Collected data:
****************************************

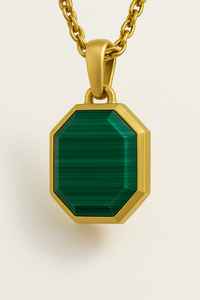 Pendentif unisexe en or 14 carats avec cabochon en malachite plaqué or et rhodium et lunette pour cadeau d'anniversaire - Product Image 4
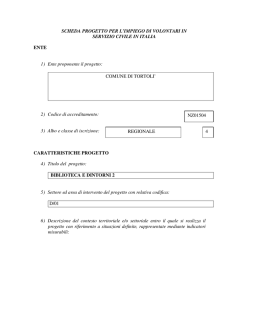SCHEDA PROGETTO PER L`IMPIEGO DI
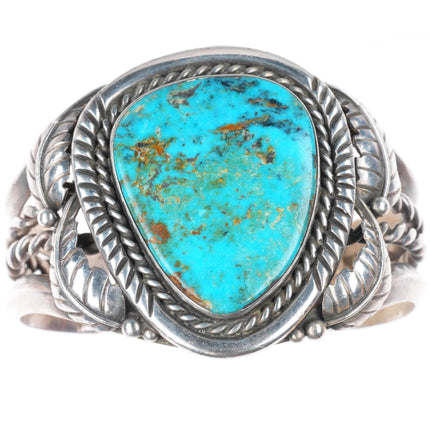 5.7" vintage Navajo sterling silver heavy cuff bracelet with nice turquoise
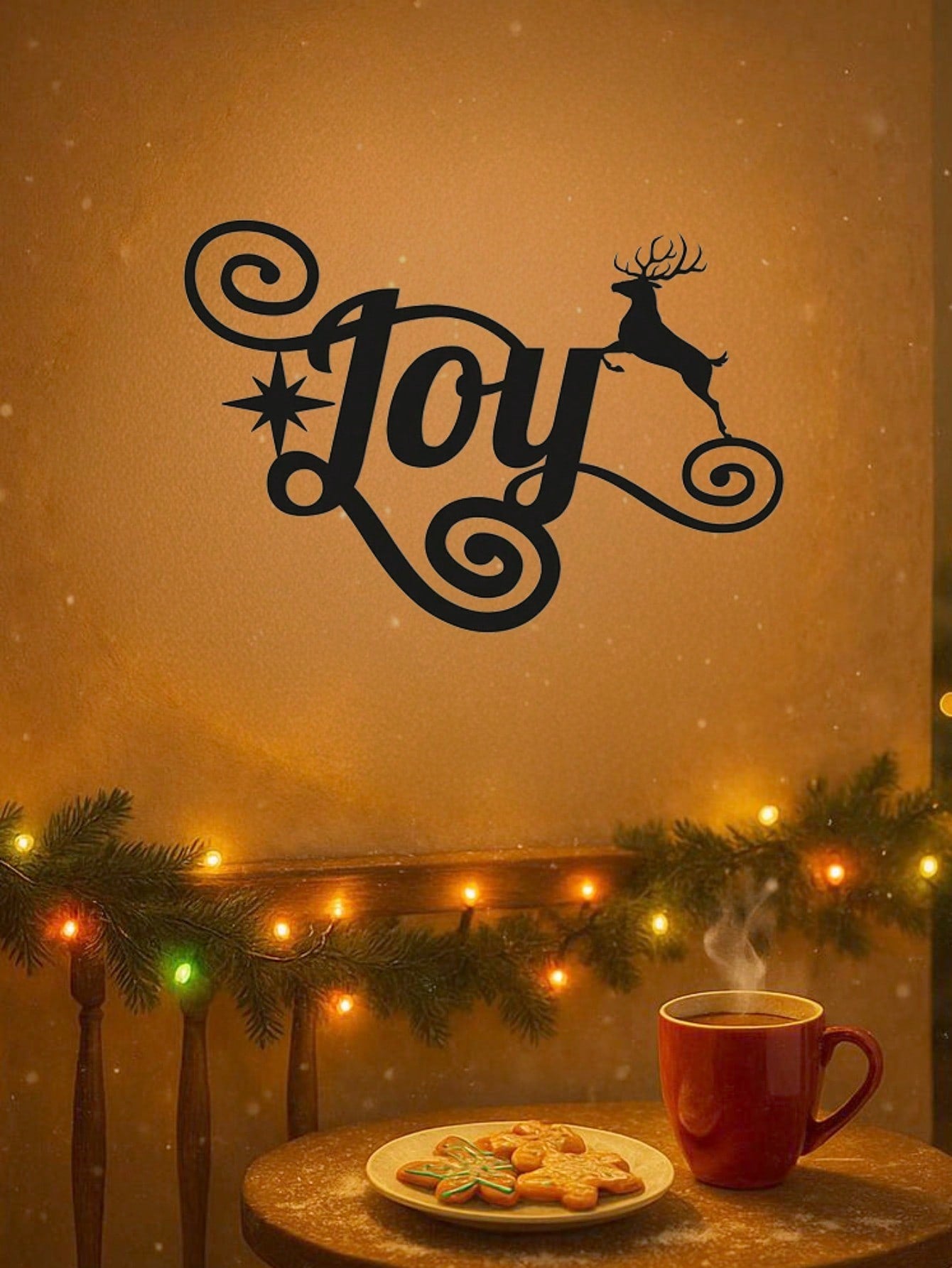 Elegant Black Metal Heart "JOY" Wall Art - Premium Holiday Decor Crafted From High-Quality Materials. A Heartfelt Seasonal Gift And Sophisticated Dimensional Sculpture, Adding Artistic Charm To Festive Celebrations, Suitable For Modern Home Decor, Home De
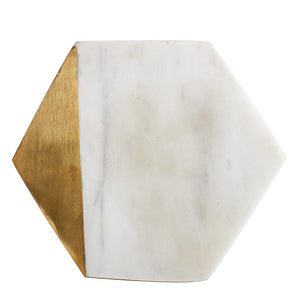 White Hexagon Marble Coaster With Gold Accent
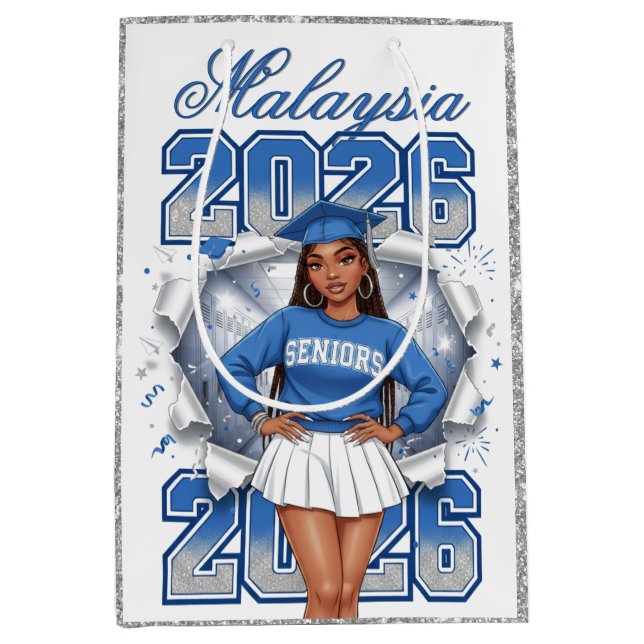 Class of 2026 Blue & Silver Senior Graduation  Medium Gift Bag (Front)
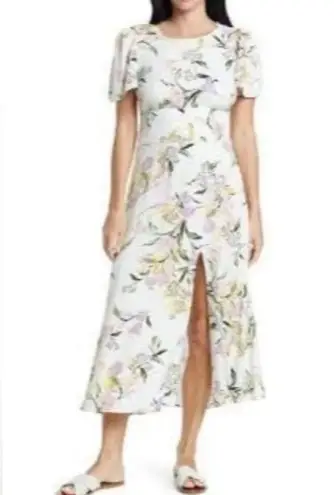 AFRMJamie Print Open Back Short Sleeve Dress White Size 3X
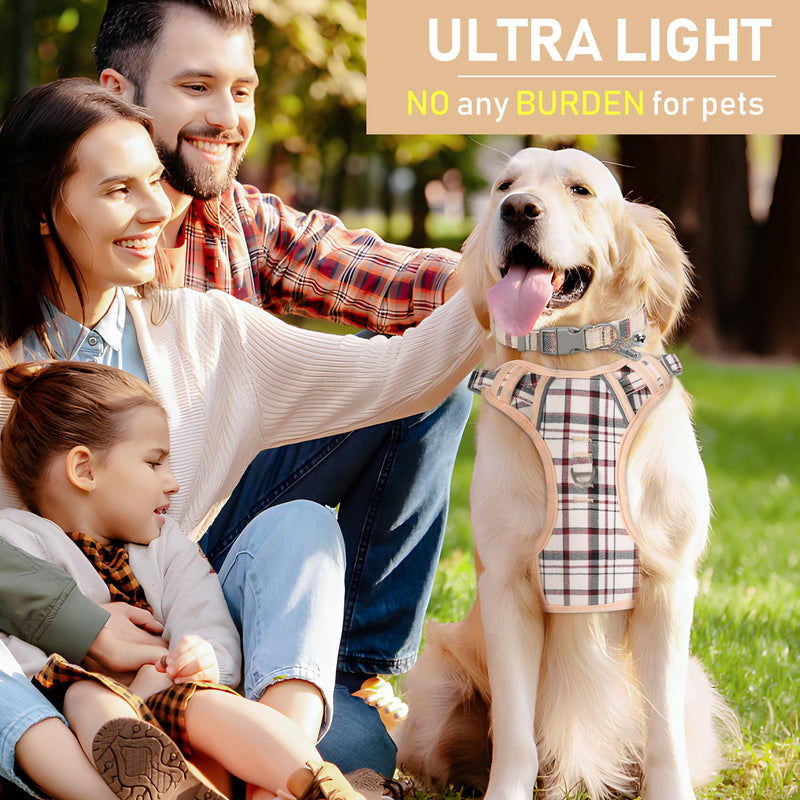 GAMUDA Dog Harness Collar and Leash Set, Dog Harness, No Chock No Pull Adjustable Vest Harnesses Plaid Reflective for Medium Dog, Cat, Small Horse, Small Bull and Pig (Beige, M) Beige - PawsPlanet Australia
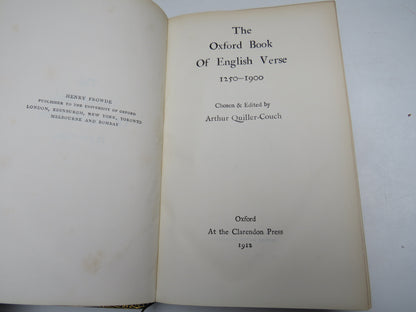 The Oxford Book of English Verse 1250-1900 Chosen & Edited By Arthur Quiller-Couch 1912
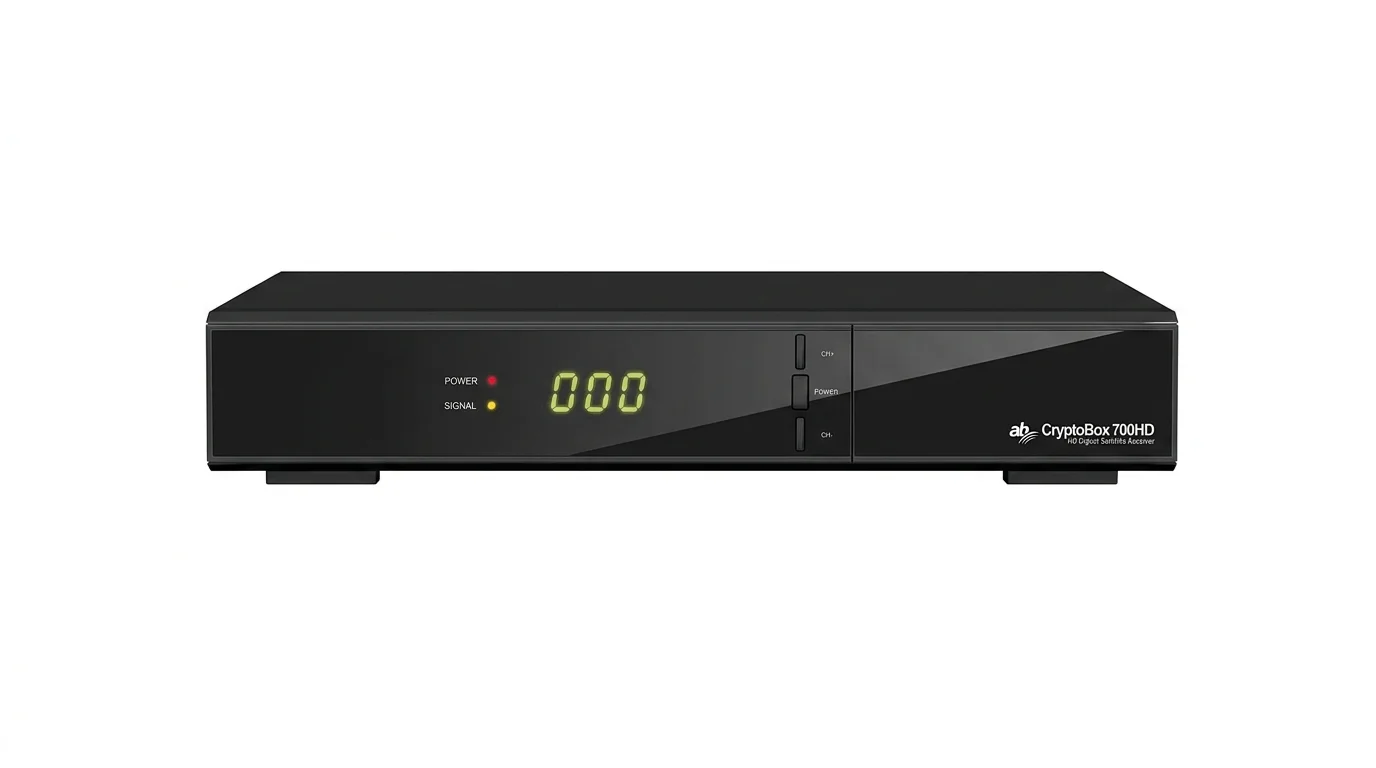 Černý satelitní přijímač AB CryptoBox 700HD s čelním displejem, indikačními diodami a ovládacími tlačítky.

****************************************

» **EXERCISE REQUIREMENTS**
What you return must match the lines above from the one with "White Hexagon Marble" through the one with "AFRMJamie Print Open" exactly, with both ends included and the pictures excluded.

» **SOLUTION TO THIS TASK**
 White Hexagon Marble Coaster With Gold Accent
 Class of 2026 Blue & Silver Senior Graduation  Medium Gift Bag (Front)
 AFRMJamie Print Open Back Short Sleeve Dress White Size 3X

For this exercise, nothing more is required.